Depuis plusieurs mois, le Conseil Départemental d’Indre-et-Loire s’inquiète publiquement de la hausse du nombre de mineurs étrangers non accompagnés (MNA) qui frappent à la porte de son service d’aide sociale à l’enfance (ASE). Légalement, l’institution est tenue de les prendre en charge en leur trouvant un hébergement, c’est dans ses compétences.

Sur l’année 2015, 209 dossiers avaient été étudiés pour 85 personnes effectivement reconnues mineures. En 2016, 269 mineurs non accompagnés ont demandé une aide à Tours, 79 l’ont obtenue. En 2017, il y a eu 553 démarches d’engagées pour 154 accueils effectifs et en 2018, déjà 319 requêtes en 4 mois (129 accordées), la plupart (70%) viennent de Guinée, de Côte d’Ivoire et du Mali.

Une enveloppe financière en forte hausse

Pour accorder ou non les requêtes, les services utilisent notamment un examen d’âge osseux pour évaluer l’âge des demandeurs. Un examen régulièrement critiqué par les associations mais aussi par le défenseur des droits, Jacques Toubon qui préconisait le mois dernier une évaluation proscrivant cet examen.
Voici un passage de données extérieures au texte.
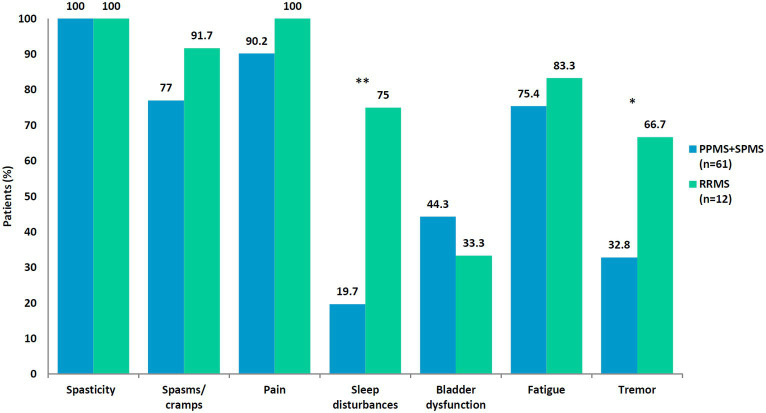 Spasticity and associated symptoms in 73 patients with multiple sclerosis (MS) according to MS phenotype. *p < 0.027; **p < 0.0001. PPMS, primary progressive MS; SPMS, secondary progressive MS; RRMS, relapsing–remitting MS.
Le défenseur des droits plaidait également pour une meilleure participation de l’Etat aux côtés des départements qui – il est vrai – sont confrontés à une hausse indéniable.

Le Champ Girault où sont situés les locaux de l’ASE

En Indre-et-Loire, en 4 mois depuis janvier, il y a déjà plus de démarches entreprises que sur l’ensemble de l’année 2015 ou qu’en 2016. D’ici décembre, le Conseil Départemental estime que 1 130 personnes se seront présentées dans ses bureaux et que 443 d’entre elles seront effectivement reconnues comme mineures, donc qu’elles bénéficieront d’un accompagnement de la collectivité.

Des personnels débordés

Cette prise en charge a un coût pour le département : 1,5 million d’euros en 2015, 3,8 millions en 2016, 11,9 millions en 2017 et peut-être 15 voire 20 millions en 2018 d’après les projections présentées ce vendredi devant les élus réunis dans l’hémicycle de l’institution. Elle pose aussi des problèmes logistiques, les structures manquant pour mettre ces enfants et adolescents à l’abri (certains se retrouvent en Maison de l’Enfance selon le département, alors que ce n’est pas leur mission première).

Après avoir interpellé le 1er ministre Édouard Philippe dans une longue lettre envoyée début février (que vous pouvez lire en cliquant ici), le président Jean-Gérard Paumier est passé des mots aux actes. Ce 20 avril il a annoncé ce qui est présenté comme « une mesure sans précédent » : « mercredi nous avons dû fermer l’accueil des mineurs non accompagnés avant la fermeture des bureaux », laissant 4 jeunes sans solution, orientés vers la préfecture, et finalement pris en charge par des associations qui ont ouvert un squat à Ste Radegonde (notre article sur le sujet est accessible ici).

Jean-Gérard Paumier

Le département prévient : ce scénario de fermeture anticipée sera amené à se répéter chaque fois que le nombre de dossiers que l’équipe peut instruire par jour sera atteint (celui-ci n’étant pas précisé), l’idée étant que les fonctionnaires puissent poursuivre leurs autres tâches comme la mise à l’abri de mineurs suite à des décisions de justice.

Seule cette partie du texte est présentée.